Kitlesel felaket riski
Türkiye’nin muhtemelen gelecek on yıllar açısından en önemli çevre olayı halen inşaatı devam eden Mersin Akkuyu’daki nükleer santral olacak. Nükleer santrallerde herhangi bir kaza meydana gelmesi, etkisi yüzlerce yıl sürecek kitlesel felaket anlamına geliyor. Henüz dünyada sıfır riskli nükleer santral inşa edilebilmiş değil.

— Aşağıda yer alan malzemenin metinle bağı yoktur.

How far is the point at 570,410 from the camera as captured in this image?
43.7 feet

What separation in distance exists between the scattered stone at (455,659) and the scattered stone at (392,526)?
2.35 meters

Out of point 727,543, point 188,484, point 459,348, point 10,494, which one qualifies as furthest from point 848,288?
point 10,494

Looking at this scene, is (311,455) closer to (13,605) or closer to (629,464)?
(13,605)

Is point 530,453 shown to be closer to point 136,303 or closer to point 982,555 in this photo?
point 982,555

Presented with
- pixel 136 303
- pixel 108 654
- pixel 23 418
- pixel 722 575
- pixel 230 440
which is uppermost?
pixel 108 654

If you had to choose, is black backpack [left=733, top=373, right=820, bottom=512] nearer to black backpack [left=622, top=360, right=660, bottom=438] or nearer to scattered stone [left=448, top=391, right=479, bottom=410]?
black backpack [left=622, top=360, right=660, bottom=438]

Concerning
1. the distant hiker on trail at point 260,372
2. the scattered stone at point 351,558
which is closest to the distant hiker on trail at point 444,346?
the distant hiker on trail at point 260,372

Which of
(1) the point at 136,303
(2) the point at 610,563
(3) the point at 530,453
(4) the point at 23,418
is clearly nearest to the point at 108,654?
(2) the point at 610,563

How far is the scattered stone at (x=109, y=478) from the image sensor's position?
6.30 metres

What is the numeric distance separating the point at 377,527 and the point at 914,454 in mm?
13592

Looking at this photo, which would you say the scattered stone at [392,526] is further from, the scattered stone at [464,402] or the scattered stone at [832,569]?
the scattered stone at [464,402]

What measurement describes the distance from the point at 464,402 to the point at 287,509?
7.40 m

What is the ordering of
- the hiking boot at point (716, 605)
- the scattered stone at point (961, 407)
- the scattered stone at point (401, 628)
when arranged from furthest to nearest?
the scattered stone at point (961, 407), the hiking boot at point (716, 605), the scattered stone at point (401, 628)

2020’de salgın riski ve inşaat sahasında çok sayıda vakaya rastlanmasına rağmen Akkuyu Nükleer Santrali inşaatının yapımına devam edildiğine işaret eden Ekosfer Derneği’nden enerji uzmanı Özgür Gürbüz, projenin ekonomik açıdan da risk taşıdığını vurguluyor: "Bu santral projesi iptal edilmezse, Rus şirkete verilen piyasa elektrik fiyatının dört katını bulan alım garantisi nedeniyle, Türkiye köprülere verilen yüksek alım garantileri sonucunda olduğu gibi ciddi bir zarara uğrayacak."

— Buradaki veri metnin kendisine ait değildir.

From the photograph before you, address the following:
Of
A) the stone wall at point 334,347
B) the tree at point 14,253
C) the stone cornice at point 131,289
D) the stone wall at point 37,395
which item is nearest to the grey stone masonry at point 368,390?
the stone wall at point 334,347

Akkuyu Nükleer Santrali devreye girdiğinde Akdeniz gibi önemli bir turizm bölgesi ve milyonlarca insan da nükleer kaza riskiyle birlikte yaşamak zorunda kalacak. Sinop'ta ise nükleer santralin pahalı olması ve hükümetin bu maliyeti karşılamak istememesi üzerine Japonya projeden çekildi. Ancak, ortada "kamuoyuna açıklanan bir şirket olmamasına rağmen" ÇED süreci devam etti. Sinop'taki proje de, Akkuyu gibi halkın itirazlarının ciddiye alınmadığı ve başından itibaren hukuksuzluk tartışması yaratan bir proje.
Ülkedeki termik santral projelerine de değinen enerji uzmanı Gürbüz, 2020’de yargı kararları, salgın ve ekonomik krizin birleşmesiyle yeni kömür santral projeleriyle ilgili haberlerin azaldığını söylüyor. Ancak bunun hükümetin politikasının değiştiği anlamına gelmediğini de hatırlatıyor.
TEMA Vakfı da termik santral projelerini yakından takip ediyor. Vakfın yönetim kurulu başkanı Ataç, tarımsal SİT alanı ilan edilmiş alanlarda dahi termik santral projelerinin planlanmasından şikayetçi. Ancak Ataç mahkemelerden bu konuda olumlu haberler de çıktığını kaydediyor ve "Çanakkale Yenice, Eskişehir Alpu ve Ankara Nallıhan’dan iyi sonuçlar geldi." diyor.